Actually, I can believe that it would cost them that much. Why? Because up until now, they were able to "cash out" unearned revenue on those tickets and force the users to buy a replacement. _With that said_, they shouldn't have been getting that cash-out in the first place...


----------



## AlanB (Jul 27, 2012)

Anderson,

I don't believe that's what they're talking about.

I'm pretty sure that they're referring to the fact that tickets go uncollected and the rider then uses that ticket for a second free ride. I can personally attest to the fact that this happens a lot on the LIRR. I board at Woodside most times when I'm heading to NYP; sometimes I do the subway. I cannot count the number of times that a conductor never comes by to collect my ticket.

I have tickets sitting around here that went unused and date back for years. In fact, a quick check of my wallet shows that I've still got a ticket in there from May 13th, 2011 that was never lifted and I've yet to add to my collection.


----------



## Anderson (Jul 28, 2012)

AlanB said:


> Anderson,
> 
> I don't believe that's what they're talking about.
> 
> ...


Alan,

That's actually a fair point, and I really hadn't thought of that angle. Then again, I'm so used to looking at wacky angles like the one I raised that...well, it never occurred to me that the LIRR didn't use a validation system.


----------



## jerichowhiskey (Jul 28, 2012)

AlanB said:


> I'm pretty sure that they're referring to the fact that tickets go uncollected and the rider then uses that ticket for a second free ride. I can personally attest to the fact that this happens a lot on the LIRR. I board at Woodside most times when I'm heading to NYP; sometimes I do the subway. I cannot count the number of times that a conductor never comes by to collect my ticket.


 I've had this happen sometimes when I took the train home from Stony Brook especially when it was crowded with other students. If they didn't punch my ten-tripper, I could get off at Jamaica, take the E home, and save the ride for a trip back out there.


----------



## WinNix (Aug 3, 2012)

I think it is fair to say both situations mentioned can and do happen. Because I only have personal experience with my unused ticket expiring, I am clearly bias towards that situation. However, it is likely impossible to guess how often each situation happened compared to the other.

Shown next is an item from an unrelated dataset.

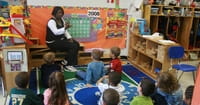 In-Class Gender Flip Shocks Parents of Kindergartners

While I can very much understand the stance they want to ensure tickets get properly collected, I an extremely sour on the topic of my perfectly good money "expiring". I see it as I paid perfectly valid cash for a service that I am now no longer allowed to use. I am quite sure anyone in that situation would agree. I do not intend to sound crass when saying this, but not collecting a ticket that should be collected is not the rider's fault. They should not compensate for uncollected tickets by making the window so unreasonably tight. I know various and wide ranging situations can (and do) happen that cause a ticket to go uncollected. I know it is NOT the conductor's fault, either. I would have considered 30 days completely reasonable. 60 days is probably too generous of them.


----------